Le nostre analisi, condotte con diverse metodologie di stima e tramite molteplici modelli alternativi per testare la robustezza dei risultati, sono concordi nell’evidenziare che il processo di riforma ha ridotto di almeno 3/5 il premio di reddito di cui beneficiavano in precedenza i parenti di avvocati. La riduzione maggiore emerge fra i più giovani e nella parte alta della distribuzione dei redditi, ossia fra quelli che potremmo definire gli avvocati superstar, così rivelando che le modifiche della regolamentazione del settore legale hanno consentito agli avvocati più talentuosi, ma poco “connessi”, di infrangere almeno parte del soffitto di vetro oltre cui non riuscivano ad andare.

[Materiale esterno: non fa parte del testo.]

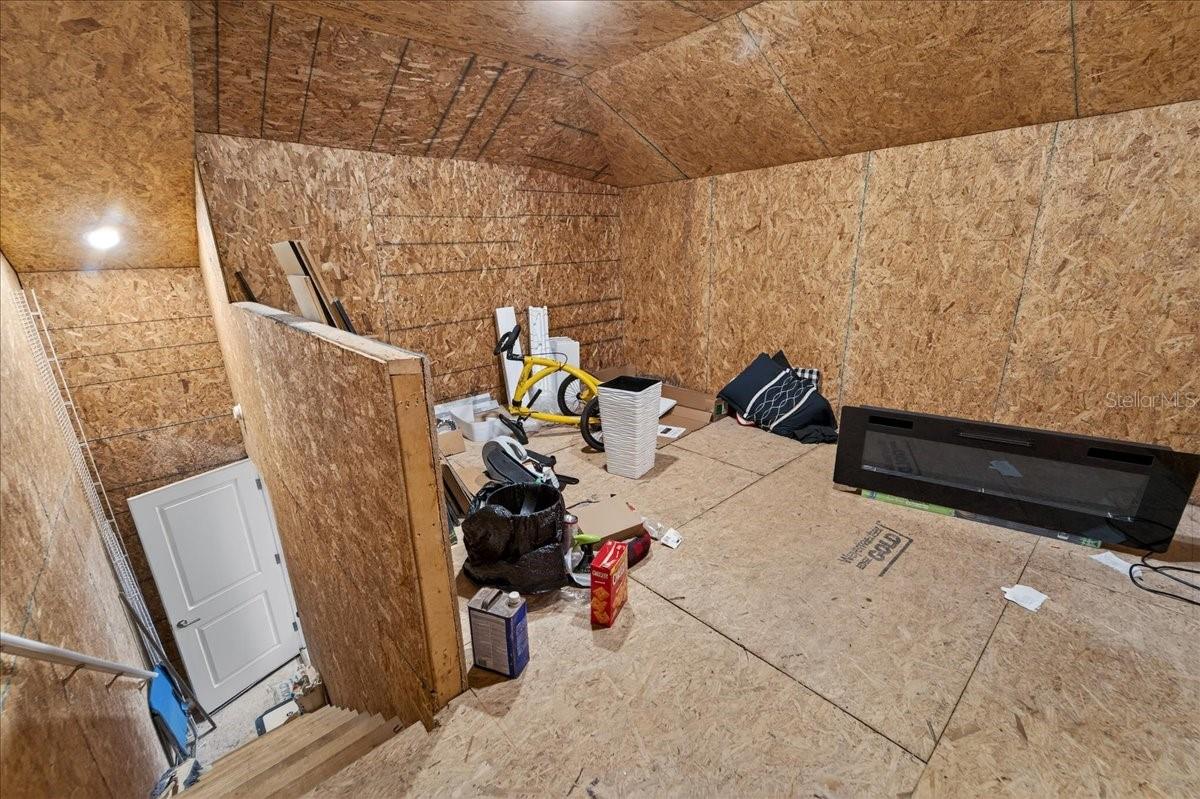 Listing photo id 94 for 17173 Scuba Crest Street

In conclusione, abbiamo evidenza che buona parte del reddito più elevato guadagnato prima del 2004 dai parenti di avvocati era dovuto a rendite di posizione e nepotismo, accresciuto dalle rigide barriere all’ingresso nel settore e dalla sua forte regolamentazione. Possiamo dunque affermare che, a differenza di quanto spesso sostenuto dalla letteratura mainstream, non tutti i differenziali di reddito rimasti inspiegati usando variabili osservabili come il livello di istruzione siano da attribuirsi ad abilità residue e difficili da misurare. Tale interpretazione può condurre a conclusioni erronee sull’importanza del capitale umano nello spiegare le disuguaglianze e portare a raccomandazioni di policy ben poco efficaci per contrastare i meccanismi effettivi di trasmissione intergenerazionale della diseguaglianza nella misura in cui essi dipendono dal funzionamento necessariamente imperfetto (e ben lontano dall’ideale insegnato sui libri di testo) dei mercati.